Technical specification for writing RedisGraph client libraries
By design, there is not a full standard for RedisGraph clients to adhere to. Areas such as pretty-print formatting, query validation, and transactional and multithreaded capabilities have no canonically correct behavior, and the implementer is free to choose the approach and complexity that suits them best. RedisGraph does, however, provide a compact result set format for clients that minimizes the amount of redundant data transmitted from the server. Implementers are encouraged to take advantage of this format, as it provides better performance and removes ambiguity from decoding certain data. This approach requires clients to be capable of issuing procedure calls to the server and performing a small amount of client-side caching.
Retrieving the compact result set
Appending the flag --compact
to any query issued to the GRAPH.QUERY endpoint will cause the server to issue results in the compact format. Because we don't store connection-specific configurations, all queries should be issued with this flag.
GRAPH.QUERY demo "MATCH (a) RETURN a" --compact
Formatting differences in the compact result set
Certain values are emitted as integer IDs rather than strings:
- Node labels
- Relationship types
- Property keys
Instructions on how to efficiently convert these IDs in the Procedure Calls section below.
Additionally, two enums are exposed:
ColumnType, which as of RedisGraph v2.1.0 will always be COLUMN_SCALAR
. This enum is retained for backwards compatibility, and may be ignored by the client unless RedisGraph versions older than v2.1.0 must be supported.
ValueType indicates the data type (such as Node, integer, or string) of each returned value. Each value is emitted as a 2-array, with this enum in the first position and the actual value in the second. Each property on a graph entity also has a scalar as its value, so this construction is nested in each value of the properties array when a column contains a node or relationship.
Decoding the result set
Given the graph created by the query:
GRAPH.QUERY demo "CREATE (:plant {name: 'Tree'})-[:GROWS {season: 'Autumn'}]->(:fruit {name: 'Apple'})"

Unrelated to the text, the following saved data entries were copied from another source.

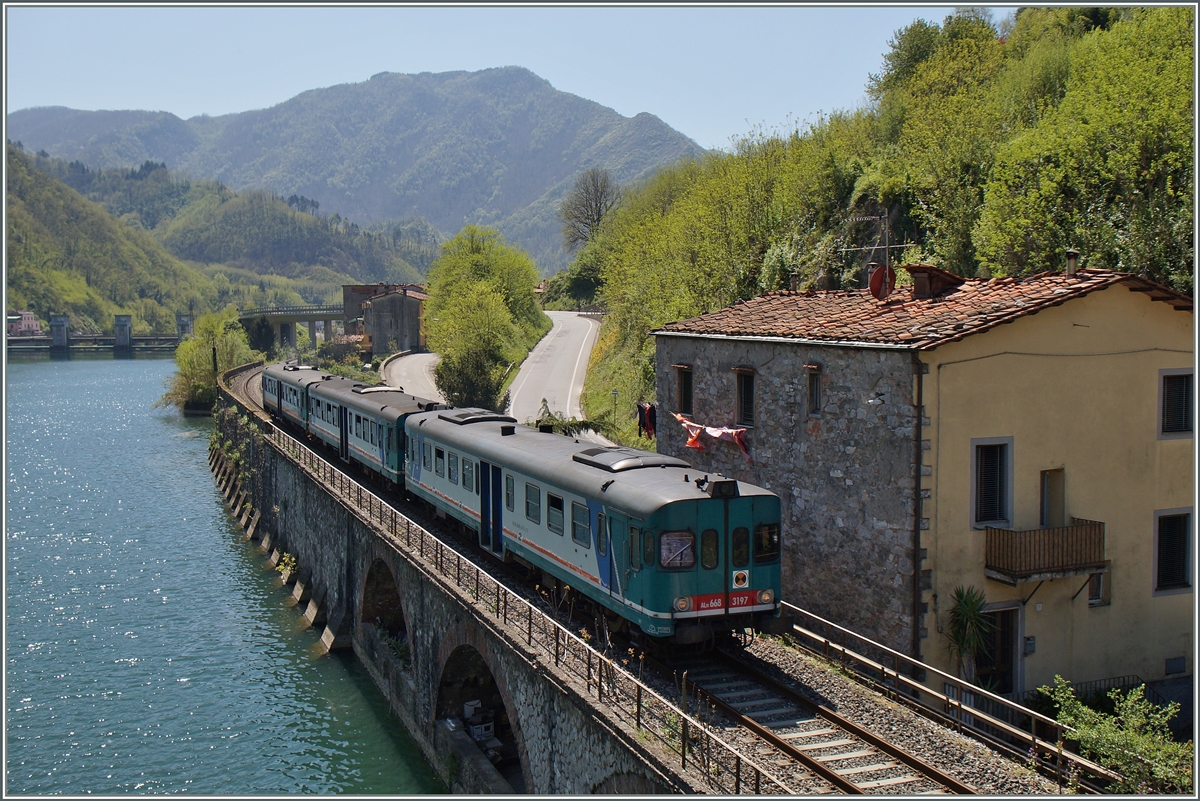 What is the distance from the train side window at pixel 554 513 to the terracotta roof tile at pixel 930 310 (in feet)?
17.2

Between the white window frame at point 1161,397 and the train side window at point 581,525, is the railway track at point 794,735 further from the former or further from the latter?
the white window frame at point 1161,397

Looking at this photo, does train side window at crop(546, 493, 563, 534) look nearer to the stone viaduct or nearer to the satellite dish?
the stone viaduct

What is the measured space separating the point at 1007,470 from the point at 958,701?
174 inches

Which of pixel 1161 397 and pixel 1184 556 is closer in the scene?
pixel 1161 397

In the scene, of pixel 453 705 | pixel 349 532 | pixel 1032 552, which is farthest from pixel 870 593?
pixel 349 532

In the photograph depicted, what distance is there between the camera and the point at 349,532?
28.1 m

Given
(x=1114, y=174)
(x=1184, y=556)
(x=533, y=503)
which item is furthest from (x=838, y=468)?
(x=1114, y=174)

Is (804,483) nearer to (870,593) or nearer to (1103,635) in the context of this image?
(870,593)

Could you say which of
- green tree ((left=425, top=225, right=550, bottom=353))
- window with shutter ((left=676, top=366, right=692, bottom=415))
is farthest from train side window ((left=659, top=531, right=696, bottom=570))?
green tree ((left=425, top=225, right=550, bottom=353))

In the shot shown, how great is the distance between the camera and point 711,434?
20984mm

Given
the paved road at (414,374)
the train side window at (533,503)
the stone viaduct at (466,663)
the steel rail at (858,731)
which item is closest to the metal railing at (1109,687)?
the steel rail at (858,731)

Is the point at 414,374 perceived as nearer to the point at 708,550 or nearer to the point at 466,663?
the point at 466,663

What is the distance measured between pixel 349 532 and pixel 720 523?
15985 mm

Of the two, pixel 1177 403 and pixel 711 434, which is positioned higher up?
pixel 1177 403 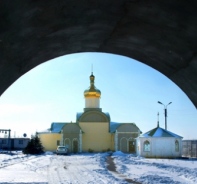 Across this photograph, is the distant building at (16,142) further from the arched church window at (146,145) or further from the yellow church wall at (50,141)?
the arched church window at (146,145)

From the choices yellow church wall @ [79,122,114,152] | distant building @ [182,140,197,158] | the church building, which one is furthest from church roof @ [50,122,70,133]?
distant building @ [182,140,197,158]

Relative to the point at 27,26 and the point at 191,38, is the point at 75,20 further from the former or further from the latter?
the point at 191,38

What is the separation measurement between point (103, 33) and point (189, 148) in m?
35.6

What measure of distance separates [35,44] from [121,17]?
4.74 feet

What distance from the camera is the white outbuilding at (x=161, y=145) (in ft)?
126

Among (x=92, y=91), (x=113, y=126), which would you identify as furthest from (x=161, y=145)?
(x=92, y=91)

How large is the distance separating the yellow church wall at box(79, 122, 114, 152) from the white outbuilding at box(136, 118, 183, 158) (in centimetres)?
1508

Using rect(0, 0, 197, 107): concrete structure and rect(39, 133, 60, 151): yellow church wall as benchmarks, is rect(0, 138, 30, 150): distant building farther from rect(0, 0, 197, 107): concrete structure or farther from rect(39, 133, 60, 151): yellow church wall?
rect(0, 0, 197, 107): concrete structure

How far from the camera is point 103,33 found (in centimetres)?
555

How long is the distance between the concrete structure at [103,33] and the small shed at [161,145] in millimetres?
32595

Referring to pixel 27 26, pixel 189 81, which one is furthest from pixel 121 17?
pixel 189 81

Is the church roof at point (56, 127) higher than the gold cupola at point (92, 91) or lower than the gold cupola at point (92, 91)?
lower

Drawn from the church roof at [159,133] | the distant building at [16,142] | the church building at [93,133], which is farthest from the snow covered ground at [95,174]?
the distant building at [16,142]

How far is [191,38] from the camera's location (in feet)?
15.7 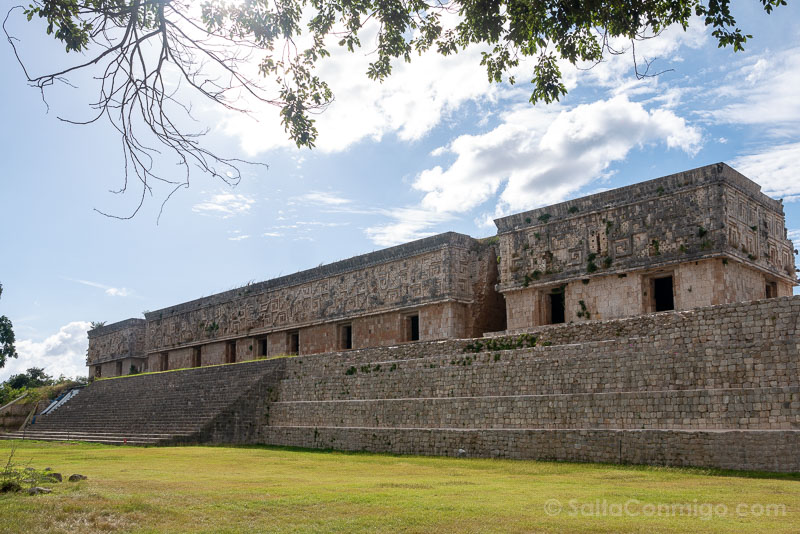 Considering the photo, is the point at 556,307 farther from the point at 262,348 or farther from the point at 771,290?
the point at 262,348

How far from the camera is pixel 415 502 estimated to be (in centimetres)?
686

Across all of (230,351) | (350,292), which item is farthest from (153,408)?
(230,351)

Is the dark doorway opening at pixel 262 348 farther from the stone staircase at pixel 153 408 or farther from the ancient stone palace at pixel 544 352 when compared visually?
the stone staircase at pixel 153 408

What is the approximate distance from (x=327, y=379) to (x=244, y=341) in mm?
10207

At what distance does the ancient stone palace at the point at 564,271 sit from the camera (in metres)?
14.5

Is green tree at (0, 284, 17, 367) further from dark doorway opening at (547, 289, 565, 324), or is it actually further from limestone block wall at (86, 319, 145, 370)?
dark doorway opening at (547, 289, 565, 324)

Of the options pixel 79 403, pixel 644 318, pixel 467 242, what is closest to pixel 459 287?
pixel 467 242

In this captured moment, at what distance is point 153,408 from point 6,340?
63.0ft

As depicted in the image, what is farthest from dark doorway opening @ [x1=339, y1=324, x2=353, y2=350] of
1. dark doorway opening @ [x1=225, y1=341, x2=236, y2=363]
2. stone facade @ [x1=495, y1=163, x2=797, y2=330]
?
stone facade @ [x1=495, y1=163, x2=797, y2=330]

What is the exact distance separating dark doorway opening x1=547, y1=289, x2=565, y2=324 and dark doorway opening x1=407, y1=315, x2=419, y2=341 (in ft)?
15.4

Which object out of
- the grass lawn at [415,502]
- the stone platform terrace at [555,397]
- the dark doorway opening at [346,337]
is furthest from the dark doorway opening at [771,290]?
the dark doorway opening at [346,337]

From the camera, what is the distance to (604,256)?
15820 millimetres

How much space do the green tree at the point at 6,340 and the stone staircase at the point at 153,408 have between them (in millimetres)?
11842

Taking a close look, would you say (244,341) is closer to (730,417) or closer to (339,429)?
(339,429) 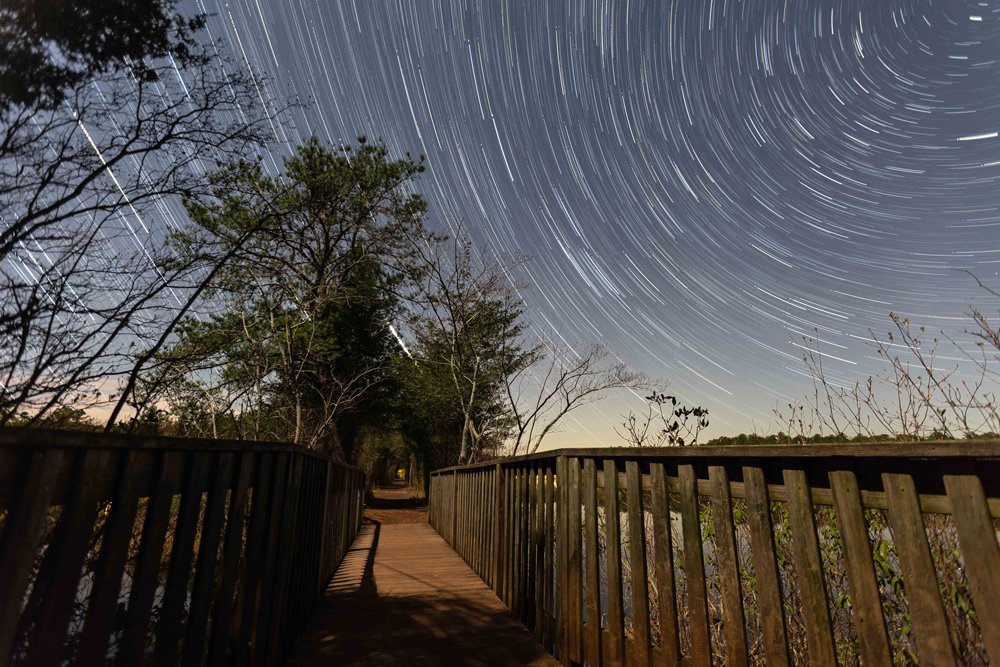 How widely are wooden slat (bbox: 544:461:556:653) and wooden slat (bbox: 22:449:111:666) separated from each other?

Let's formulate a query that returns 3 columns: nodes, relationships, and scalars, in that order.
Verbose (default):
127.0.0.1:6379> GRAPH.QUERY demo "MATCH (a)-[e]->(b) RETURN a, e, b.name"
1) 1) "a"
2) "e"
3) "b.name"
2) 1) 1) 1) 1) "id"
2) (integer) 0
2) 1) "labels"
2) 1) "plant"
3) 1) "properties"
2) 1) 1) "name"
2) "Tree"
2) 1) 1) "id"
2) (integer) 0
2) 1) "type"
2) "GROWS"
3) 1) "src_node"
2) (integer) 0
4) 1) "dest_node"
2) (integer) 1
5) 1) "properties"
2) 1) 1) "season"
2) "Autumn"
3) "Apple"
3) 1) "Query internal execution time: 1.326905 milliseconds"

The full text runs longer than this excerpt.